Jakarta court throws out case over prophet cartoons

Jakarta, Indonesia - An Indonesian court dismissed on Wednesday a blasphemy case against an editor who published controversial cartoons lampooning the Prophet Mohammad last year, saying the prosecution used a wrong legal article.

Prosecutors indicted Teguh Santosa, chief editor of the online version of the mass-market Rakyat Merdeka newspaper, in late August for insulting Islam as a religion through those publications.

However, the South Jakarta court in the trial's fourth session decided the case should not move ahead into cross-examination of witnesses.

"The court accepts the objections from the defendant on the article that was used by the prosecutor because it did not match the actions made by the defendant," said presiding judge Wahyono.

"What the defendant did was not based on disrespect.

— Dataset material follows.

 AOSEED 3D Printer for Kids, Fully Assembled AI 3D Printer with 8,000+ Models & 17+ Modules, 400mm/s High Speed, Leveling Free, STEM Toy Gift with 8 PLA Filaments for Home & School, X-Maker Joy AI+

The pictures only appeared as background to the news," he said.

Under Indonesian law, the court can throw out a case before it goes to any substantive argumentation if it considers the indictment was falsely made.

The prosecution can appeal to a higher court if this rare outcome occurs. In this case, the prosecutor said he needed to think it over.

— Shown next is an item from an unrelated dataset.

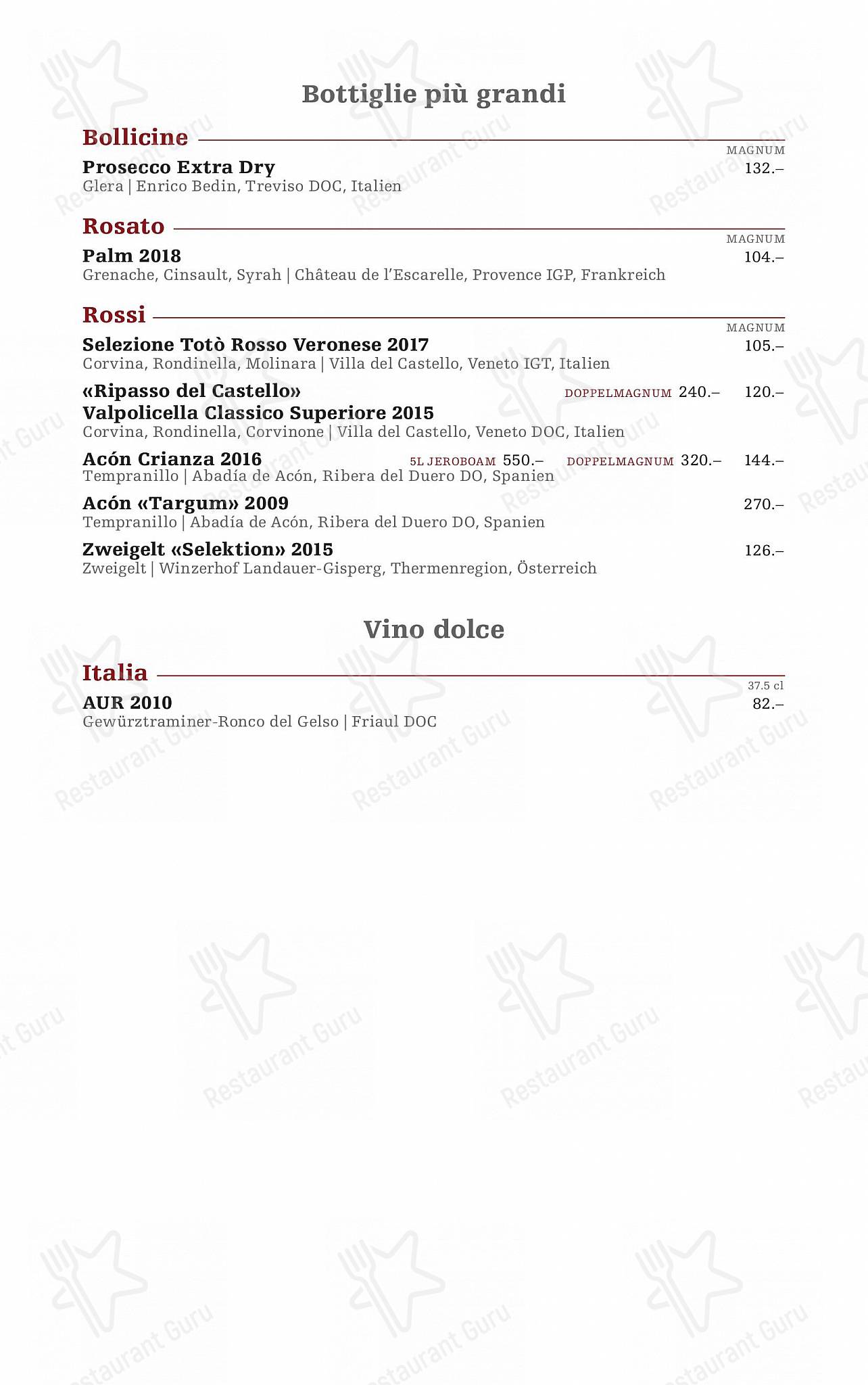 Totò in Zurigo - Carte menu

Indonesia, the world's most populous Muslim country, is officially secular, but has laws banning religious insults.

The caricatures first appeared last September in Denmark's Jyllands-Posten. Rakyat Merdeka published them on its Web site the next month without sparking much protest.

However, eventually the cartoons triggered violent protests by Muslims worldwide, including in Jakarta.

More than 85 percent of Indonesia's 220 million people follow Islam. Most Indonesian Muslims are moderate, but militancy and public concern over Islamic issues have grown in recent years.